Customers of multiple major energy suppliers vented their fury after finding that they were unable to send in readings.

The problems began on the British Gas website as early as Wednesday, as people logging on to the “submit a meter reading” section were met with a message saying: “Service temporarily unavailable”.

The site was still inaccessible on Thursday, displaying a “proxy error” message. There were also reports that the app was down.

Screengrab of the affected EDF website.
Screengrab of the affected EDF website. Photograph: PA

SSE customers trying to send in readings were greeted with a message that said: “Sorry, we’re working on this part of our website.”

Customers also reported difficulty submitting readings to EDF, E.ON and Scottish Power, with some questioning why the faults happened just as households were trying to reduce their bills.

“If I was a little bit more cynical I might think this was intentional,” said one Twitter user.

E.ON appeared to blame the consumer affairs expert Martin Lewis, who had advised people to submit readings, for its website’s failure to cope with the surge of interest.

A company Twitter account wrote that Lewis had “once again created unprecedented demand bringing down Britain” before the message was later deleted.

The chaos came against a backdrop of persistently high prices for natural gas, which spiked in early winter and are now expected to remain high because of the invasion of Ukraine by Russia, the world’s second-largest gas supplier.

The trade body Energy UK urged customers not to worry, saying: “Most suppliers are offering alternative options such as submitting at a later date, and different methods to send meter readings such as text, social media and email.

“This demonstrates the scale of the problem and how worried people are about high prices, which is why we have been asking government to intervene to provide further support to consumers.”

The chaos was triggered by energy regulator Ofgem increasing the price cap, the maximum per-unit rate that can be charged for gas and electricity, in response to persistently sky-high wholesale gas prices.

An average home on a default tariff paying by direct debit faces an increase on their annual bill of £693, or 54%, to £1,971, a rise that has prompted widespread concern about the spiralling cost-of-living crisis.

Experts have said the war in Ukraine could drive annual bills to £3,000 at the next price cap decision in October.

Some of the poorest people in the UK will “simply starve or freeze” as a result, Lewis has warned.

Rishi Sunak has faced criticism for not doing more to help people struggling with energy bills in his spring statement.
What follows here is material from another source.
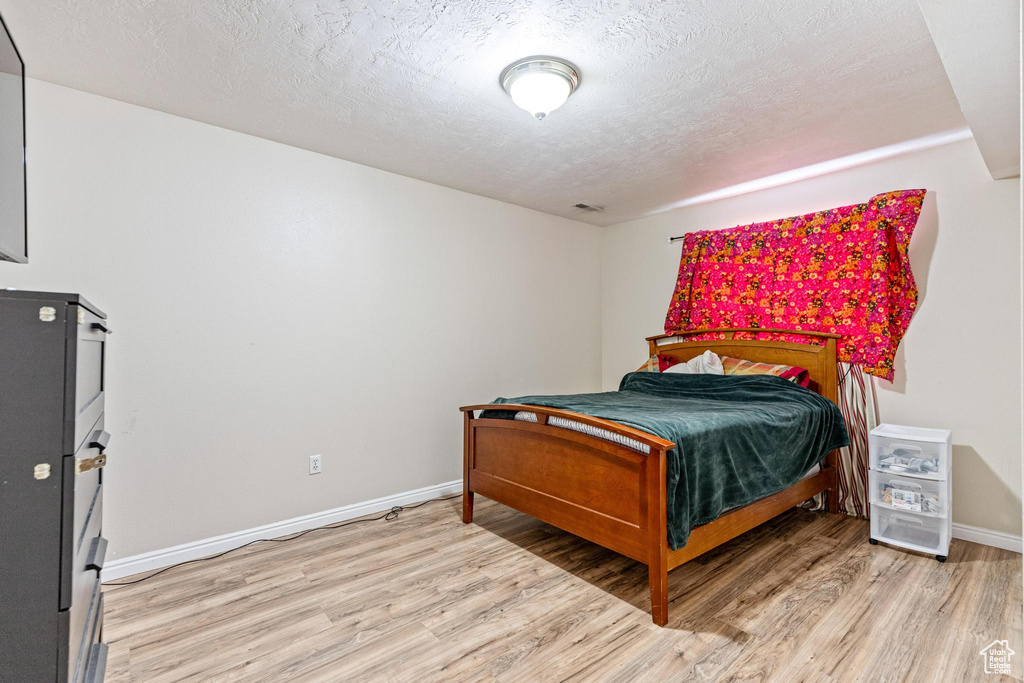Bedroom featuring light wood finished floors, a textured ceiling, and baseboards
But the chancellor has so far refused to build upon existing support for households, which has been branded inadequate by Labour.

The government has also effectively ruled out a windfall tax on North Sea oil firms to help fund extra help on energy bills.
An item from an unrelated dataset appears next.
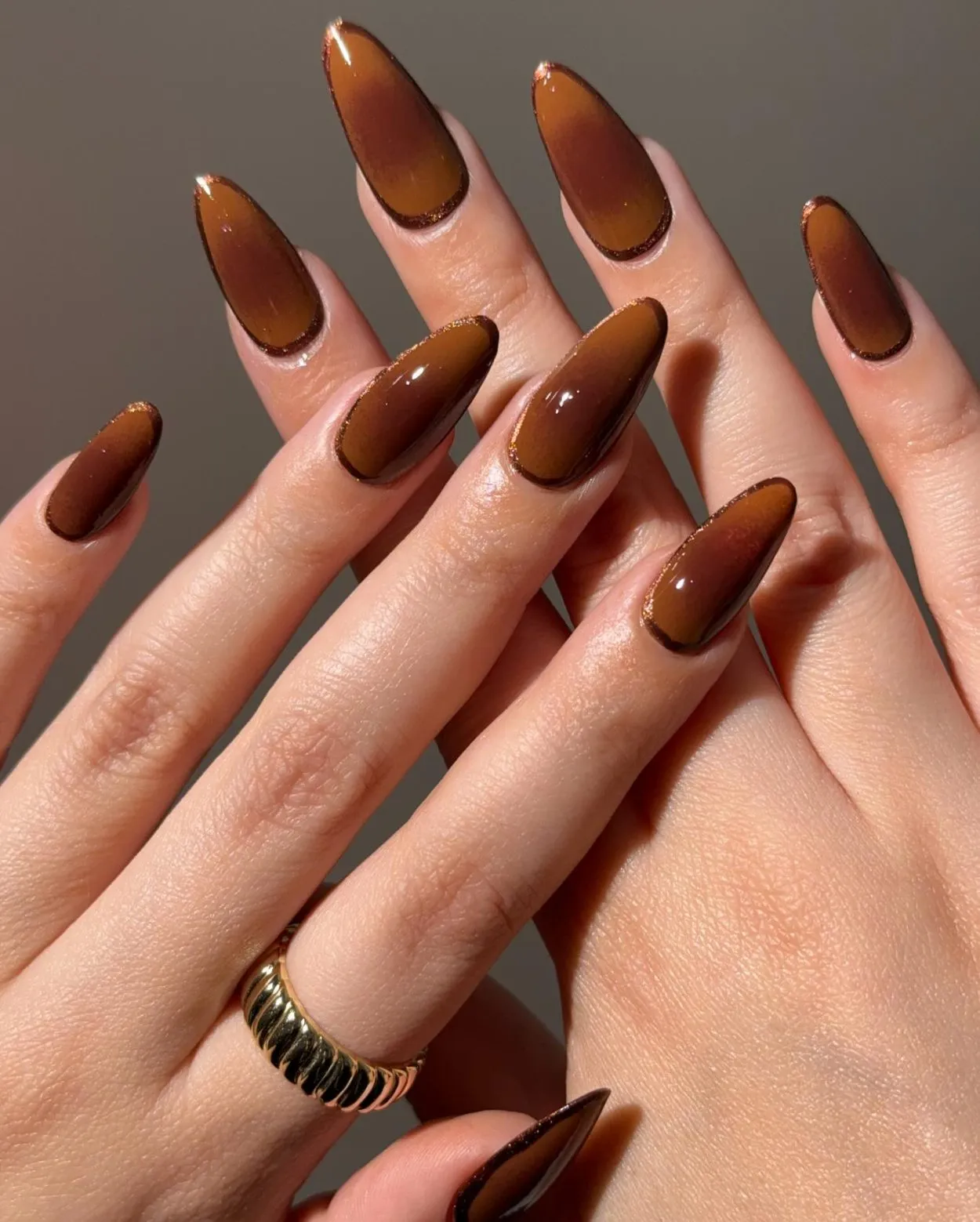 Brown and auburn aura nails with glitter outline brown nails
Pressure on gas prices has been further complicated by a drive among western economies to reduce reliance on Russian supplies.

Joe Biden signed a deal with the EU earlier this month to increase US deliveries of liquefied natural gas (LNG) in the hope of diluting the power conferred on the Kremlin by Russia’s hold on gas reserves.

But the deal is unlikely to have an impact on prices, with increased demand for shipments of LNG typically leading to suppliers charging higher prices for it.

While energy bills are one of the most noticeable extra costs facing households, the increase is accompanied by a host of other rising costs, some also coming into effect from 1 April.

Council tax is rising by an average of 3.5%, or £67, from Friday, while telecoms and streaming companies have announced price hikes across their services, amounting to approximately an on average increase of £42 a year.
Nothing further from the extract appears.